How much evidence is there for a worldwide flood?
A strong evidence for the rapid formation of the geology of our planet is the widespread existence of folded sediment throughout the mountain chains of the world. Three-fourths of the surface of the Earth is made up of sedimentary rocks. Sedimentary rocks are made up of individual particles or sediments compressed and hardened to form rocks such as shale, limestone, slate, mudstone, coal, and sandstone. Sedimentary rocks are generally formed underwater. Surprisingly, even the highest mountains on Earth, jutting an incredible 29,000 feet above sea level, are covered with sedimentary rocks.
Geologists find these sedimentary layers throughout the mountain ranges of the world. Surprisingly, many of the mountain’s sedimentary layers show signs of being bent, not fractured or broken. How can rocks be bent and not broken? If mountain ranges were pushed up slowly over millions of years after sediment had been laid down, the rocks would have broken like a stack of China plates being pushed up in different places. Unbroken, bent sediment layers could only happen if the mountains were pushed up rapidly while the sediment layers were still soft and pliable. Heated rock can be bent, but the structure of the rock changes and these bent sediments show no sign of this kind of structural change.

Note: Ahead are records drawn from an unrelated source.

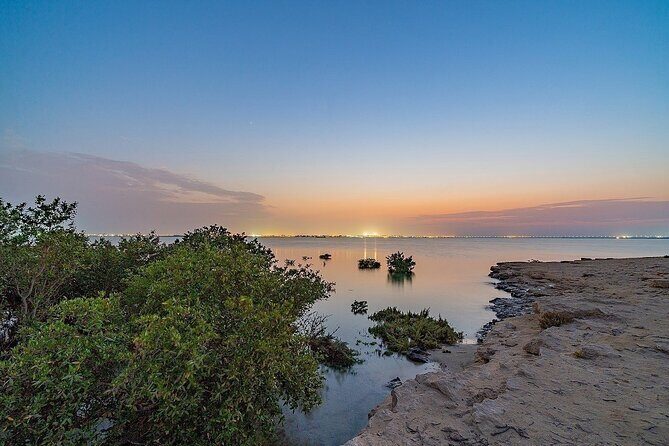 North of Qatar Tour, Zubara Fort, Mangroves, Jumail Village - Stop 5: Al Jumail Village and the quiet power of mud-brick ruins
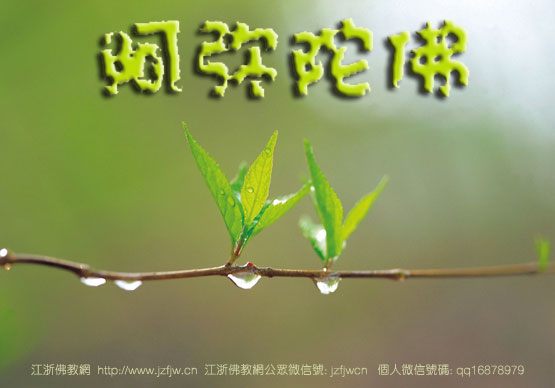 ���巨ʦ����ϲ�Ǻ��⣬��ϲ�кι��£�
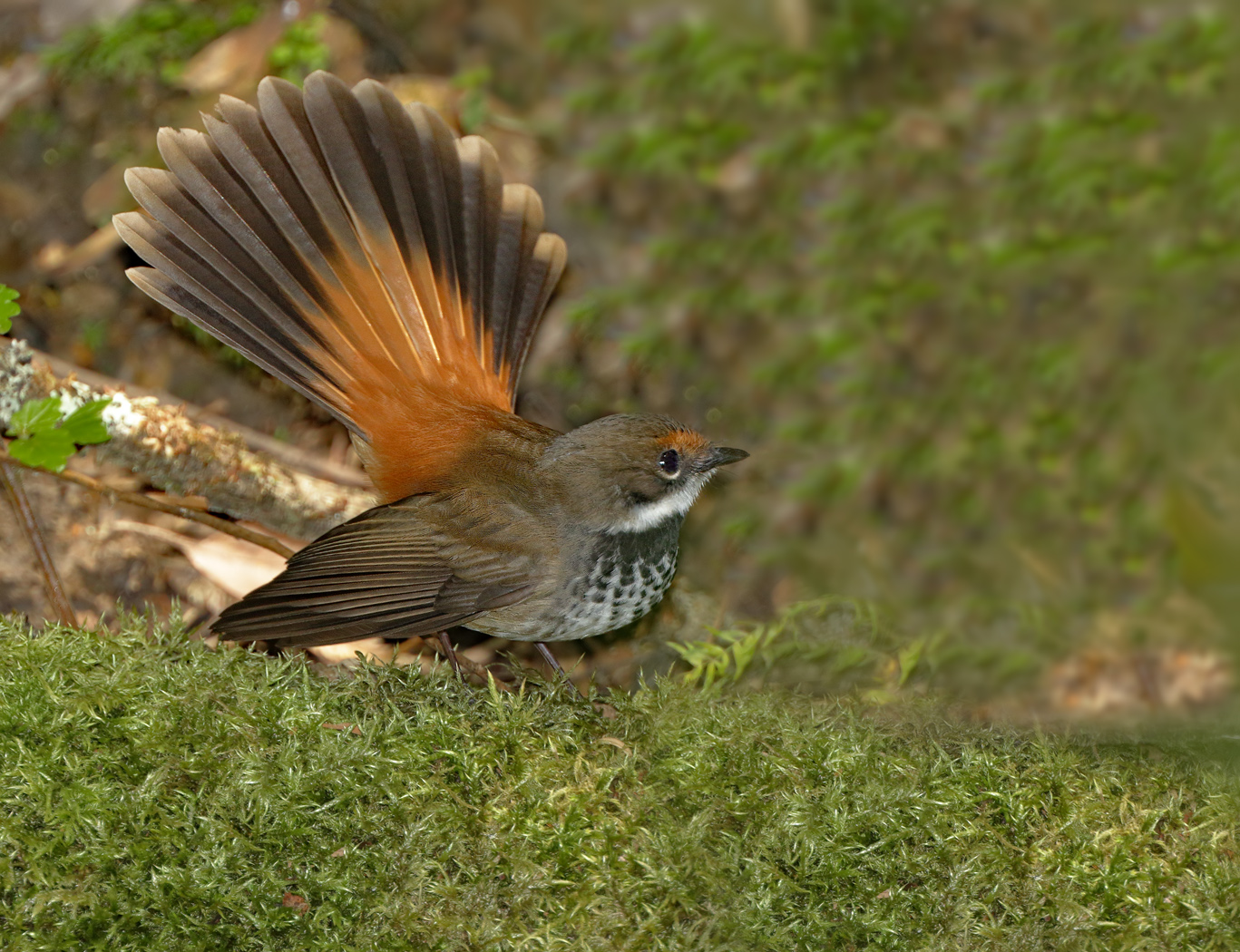 Rufous Fantail (Image ID 37676)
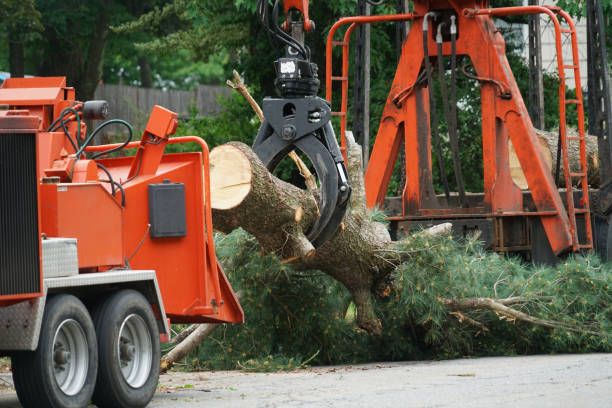 Trusted Riner, VA Tree Services Experts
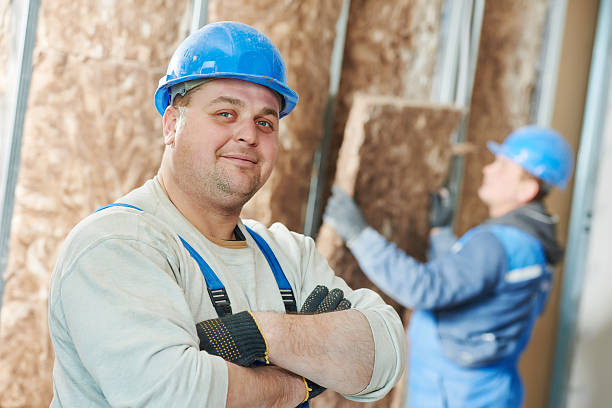 Best Eco-Friendly Insulation in Mmaduke, AR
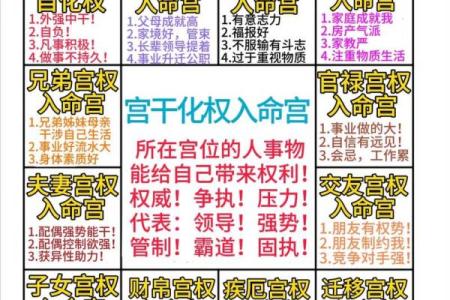 一分钟学会紫微斗数——夫妻给我带来的福气#国学文化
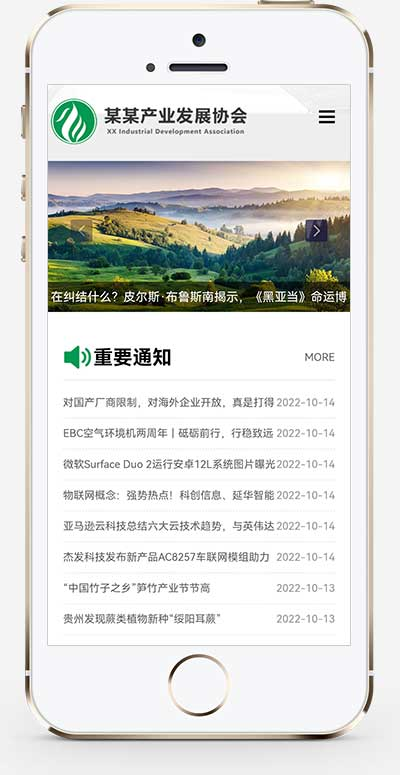 手机端页面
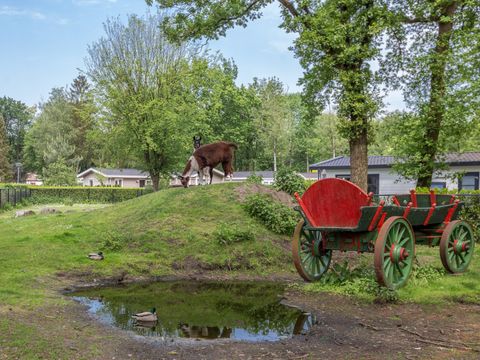Residence De Eese - Camping Steenwijkerland - Image N°25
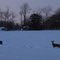 Monroeville Deer at Dusk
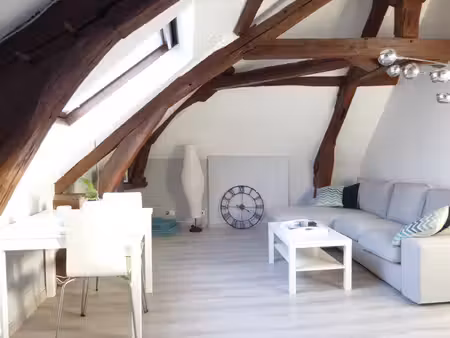 f2 de 39m2 utiles - 24m2 carrez en plein centre ville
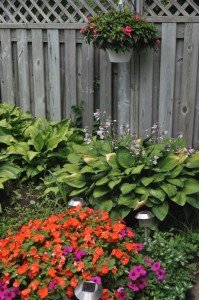 Digitalism Garden Impatiens and Hostas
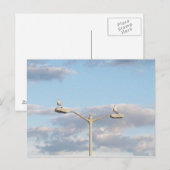 Vogels op een Lamp Post Briefkaart (Voorkant / Achterkant)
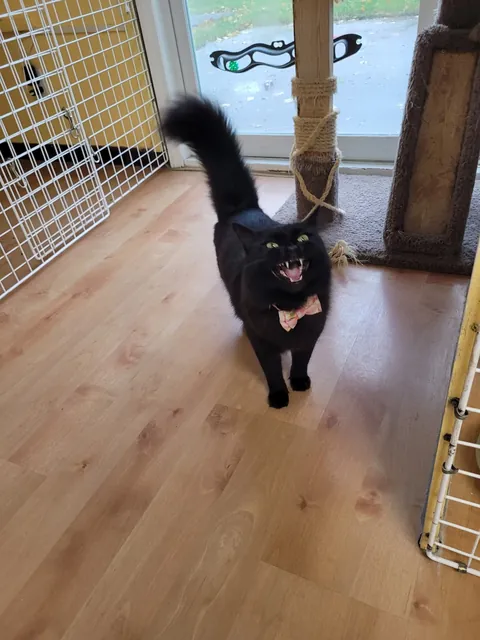 What breed is my cat?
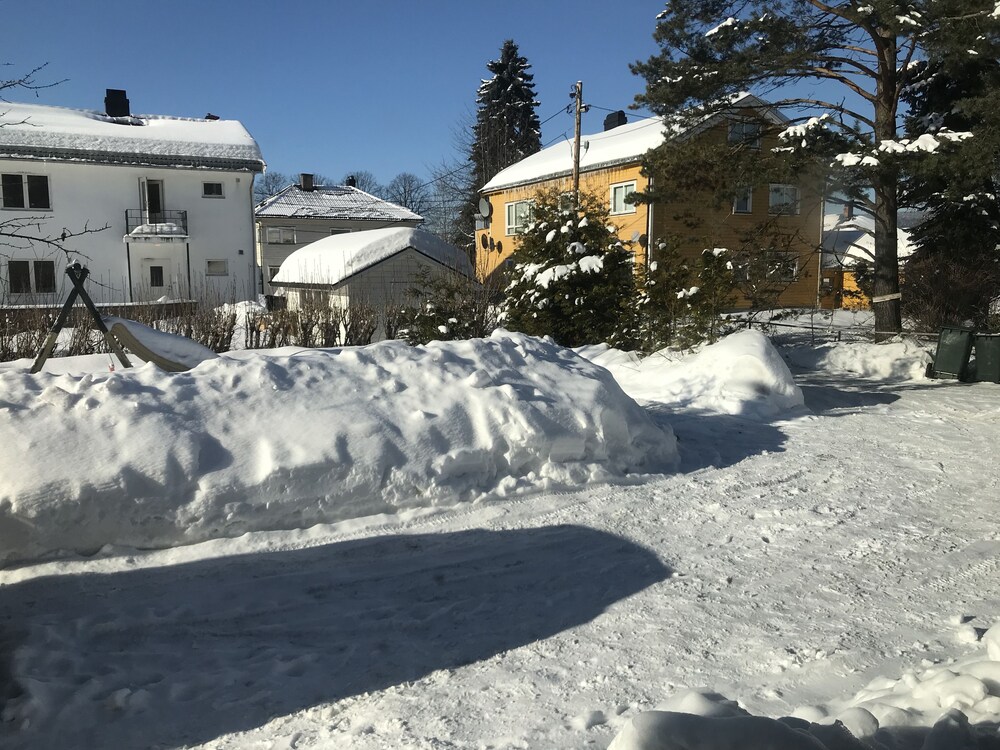 Utvalgt bilde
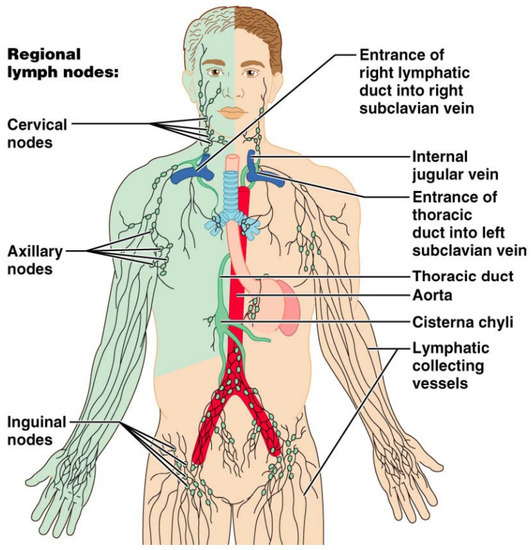 Cancers Free FullText Oncologic Imaging of the Lymphatic System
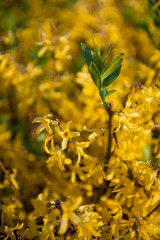 forsythia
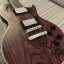 Guitarra Harley Benton Agufish Signature
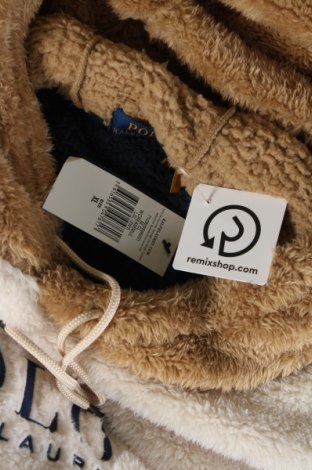 Ανδρικό φούτερ Polo By Ralph Lauren, Μέγεθος XL, Χρώμα Πολύχρωμο, Τιμή 136,08 €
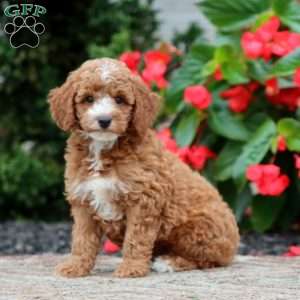Trent, Miniature Poodle Puppy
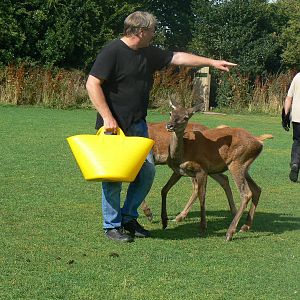 Red Deer Feeding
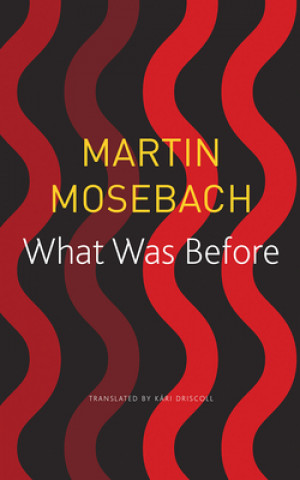 Boek What Was Before Martin Mosebach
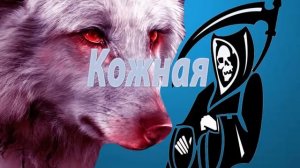 Чумка у собак
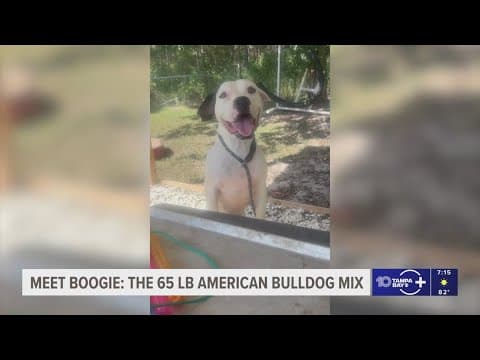 Adopt Boogie, the American Bulldog mix in Pinellas County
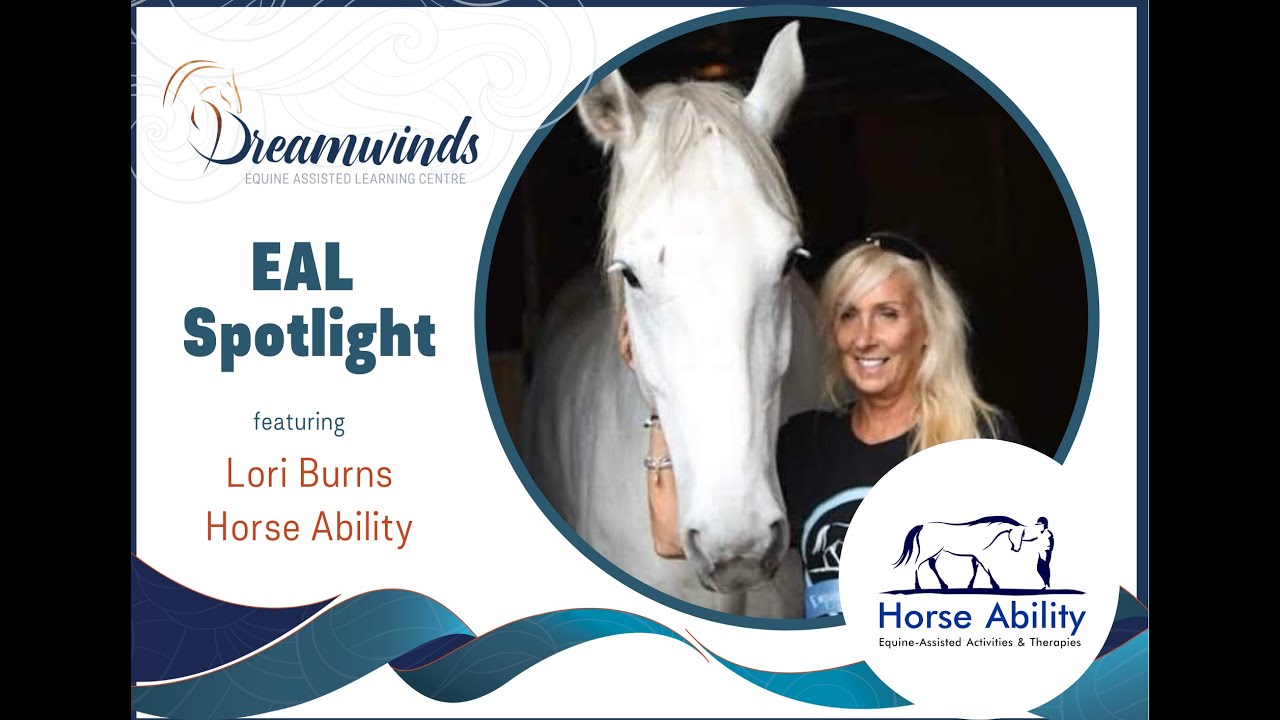 Dreamwinds EAL Spotlight - Horse Ability EAL Centre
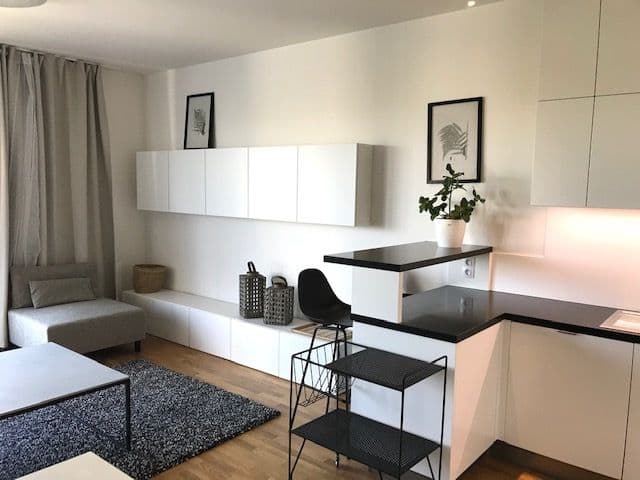 1 bedroom with open-plan kitchen flat to rent, 58 m², Sanderova, Prague, Prague 1 bedroom with open-plan kitchen flat to rent, 58 m², Sanderova, Prague, Prague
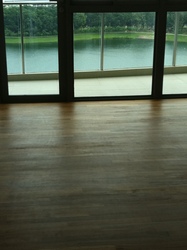 Waterfront Waves (D16), Condominium #375547011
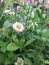 Yellow tinny flowers in the garden green leaves around the corner. Partially blurred background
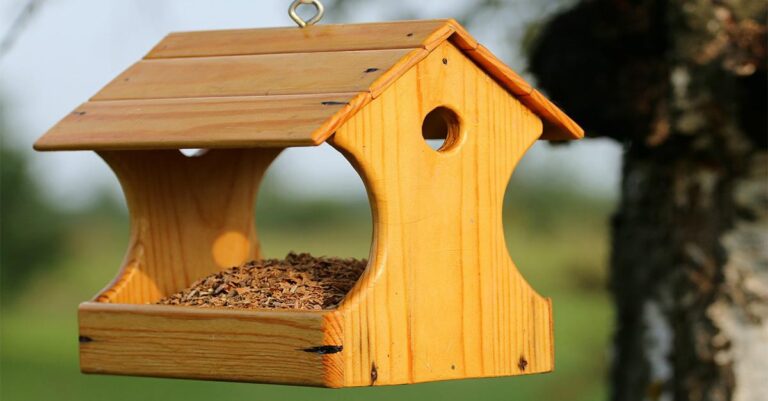 Best wooden bird feeders for garden & balcony in 2021 - trendsmost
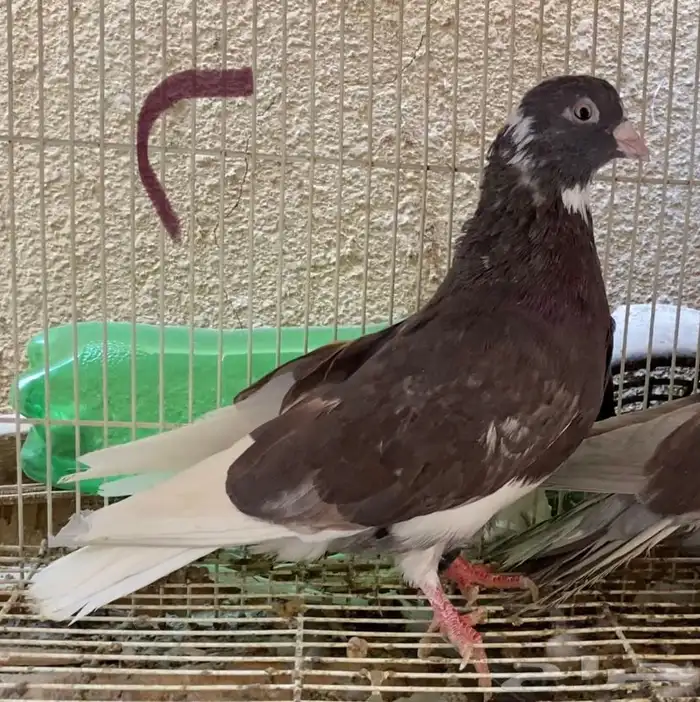 حمام قطايف حمر 7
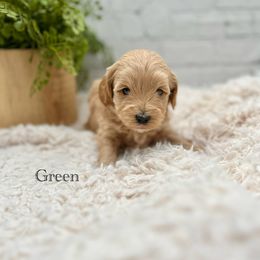 Maltipoo Puppies from Grassy Meadow Pups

The Bible explains the evidence best. The worldwide flood left thousands of feet of unconsolidated and re-arranged sediment across the surface of the planet. During the Flood, there would have been rapid continental movements causing the mountains to be uplifted. The recently laid down flood sediments would have been soft and pliable when the uplift took place. This would have resulted in the folded and bent sedimentary rocks within the mountain chains.Thus finding folded and bent sedimentary rock layers is not only to be expected but predicted by this Biblical model because the rock layers could have been soft and pliable when the uplift took place.